Immobilising the limb, following a bony or soft tissue injury reduces the likelihood of further injury and reduces pain by limiting unnecessary movement.

It is important to splint above and below an injured joint. Padding over bony prominences reduces external pressure from asplint, reducing the risk of further tissue damage.

Box Splints

These are made of 3 long padded boards and a foot piece, in short and long sizes. The limb is placed on the middle of the splint. The outer boards are then folded around the limb and held in place with velco straps.

Vacuum Splints

These splints are made from strong plastic materials which are filled with polystyrene beads. Removal of the air using a pump makes the splint rigid. Vacuum splints conform to the limb and can therefore accommodate deformities. They are available in a variety of sizes from small to full body splints. Once punctured, the splints will not maintain immobilisation and care must be taken when near sharp objects.

Traction Splints

Traction splints are commonly used in pre-hospital care for the immobilisation of fractures of the femoral shaft (Wood et al, 2003). Traction splints are used for maintaining the correct position of the fractured bone after the fracture has been reduced.

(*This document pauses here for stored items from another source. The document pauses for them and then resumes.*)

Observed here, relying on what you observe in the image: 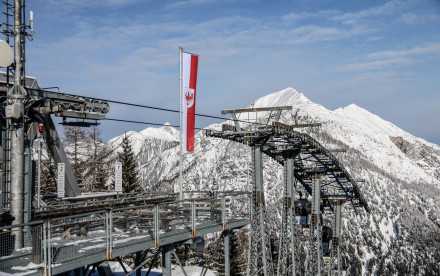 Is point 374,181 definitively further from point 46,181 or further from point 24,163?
point 24,163

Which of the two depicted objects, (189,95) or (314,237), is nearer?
(189,95)

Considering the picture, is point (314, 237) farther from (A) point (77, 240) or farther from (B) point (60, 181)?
(A) point (77, 240)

Some concomitant injuries can complicate and/or contraindicate the use of traction splints for femur fracture immobilisation (Table 1).

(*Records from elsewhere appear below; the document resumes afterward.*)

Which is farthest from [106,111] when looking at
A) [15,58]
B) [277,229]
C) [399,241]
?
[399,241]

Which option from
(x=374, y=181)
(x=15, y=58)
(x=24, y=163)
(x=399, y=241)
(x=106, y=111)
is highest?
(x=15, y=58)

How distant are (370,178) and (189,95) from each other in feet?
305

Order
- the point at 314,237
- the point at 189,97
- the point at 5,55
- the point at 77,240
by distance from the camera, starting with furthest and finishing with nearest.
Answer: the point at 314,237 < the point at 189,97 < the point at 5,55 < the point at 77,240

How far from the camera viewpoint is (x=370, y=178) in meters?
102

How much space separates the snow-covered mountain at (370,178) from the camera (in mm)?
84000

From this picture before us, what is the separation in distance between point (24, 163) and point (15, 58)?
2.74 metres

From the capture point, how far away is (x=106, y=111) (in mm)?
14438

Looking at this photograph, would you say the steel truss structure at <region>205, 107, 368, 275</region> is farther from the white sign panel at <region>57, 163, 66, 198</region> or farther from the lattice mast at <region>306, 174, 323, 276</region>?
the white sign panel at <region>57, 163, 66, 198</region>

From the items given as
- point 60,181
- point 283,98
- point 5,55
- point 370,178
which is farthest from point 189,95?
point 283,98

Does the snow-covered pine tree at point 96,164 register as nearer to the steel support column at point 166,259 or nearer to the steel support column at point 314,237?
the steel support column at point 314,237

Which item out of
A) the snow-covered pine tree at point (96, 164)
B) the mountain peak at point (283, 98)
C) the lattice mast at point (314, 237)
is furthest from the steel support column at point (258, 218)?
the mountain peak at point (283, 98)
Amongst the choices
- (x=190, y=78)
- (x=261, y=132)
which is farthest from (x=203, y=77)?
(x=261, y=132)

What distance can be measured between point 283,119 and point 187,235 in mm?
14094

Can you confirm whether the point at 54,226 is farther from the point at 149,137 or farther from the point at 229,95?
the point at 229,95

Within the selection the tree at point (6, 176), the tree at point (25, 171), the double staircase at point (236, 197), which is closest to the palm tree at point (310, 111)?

Table 1: Injuries that complicate or contra-indicate the use of traction splints.

Contra-indications to traction splinting
Pelvic injuries
Patella or knee fractures
Ligament injuries of the knee
Sciatic nerve damage
Ankle fractures

The choice of splint depends on availability and the type of injury. Table 2 summarises the correct choice of splints in lower limb injuries.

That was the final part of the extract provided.